The worst abduction – though they are all the worst, really – was of Louise Bell in 1982. A stranger came in through her window, picked her up and carried her away through the front door, never to be seen again. Her mother was asleep in the house at the time. No one in Adelaide felt safe anymore.

Yet it is a safe city. I am acquainted with perilous cities. South London. Les banlieues in Paris. My own bit of Melbourne in its time. Such places require care, preparation and luck to get through unmolested. Don’t carry a bag in your hand. Don’t wear good clothes or look too rich. Don’t carry a camera. Look straight ahead. Walk briskly, but not too fast or too slow. Never stop to consult a map. Do not ask for directions. And if you encounter the natives, melt spiritually into the streetscape and never, never meet their eyes. Aim to pass through with a ‘don’t notice me – nothing to see here’ field all around you. Act, in fact, like a scout in enemy territory.

Adelaide is not like that. One can walk around Adelaide in the middle of the night, as I and, indeed, my dad frequently did, and find no trouble if you aren’t looking for it. (He was. I wasn’t.) The only danger I ever felt was when threatened with the prospect of a pie floater from the pie cart. A pie floater is a dish of green pea soup with a meat pie floating in it, topped with tomato sauce. It looks decorative, like an Italian flag or a Margarita pizza, and it probably tastes wonderful if you are drunk and hungry enough. Fortunately, you can also get the pie without the pea soup.

The pie floater is an Adelaide invention, as are frog cakes, which my father loved, though he usually didn’t eat cake.
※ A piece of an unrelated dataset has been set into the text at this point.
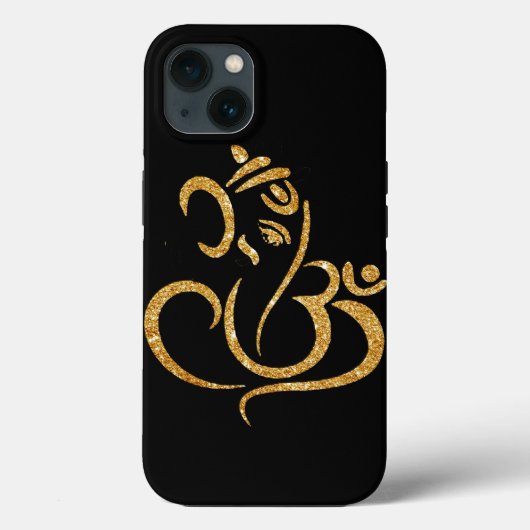 Lord Ganesh Hindu God Apple Gold Glitter Case-Mate iPhone Case (Achterkant)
Frog cakes are a form of petit four , made of cake, cream and green icing, in the shape of a frog with chocolate buttons for eyes. These days they are apparently made in strawberry and chocolate as well but in my time they were green icing or nothing. They have recently been awarded ‘icon’ status.

So that’s Adelaide. Justice, votes for women, the most sensitive skin in Australia and terrible drinking water. (Every time I arrive there I always forget that and brush my teeth with what tastes like industrial effluent.) Frog cakes, pie floaters and the Torrens system. The Family, Bevan Spencer Von Einem, slaughtered boys and a suburb called Paradise.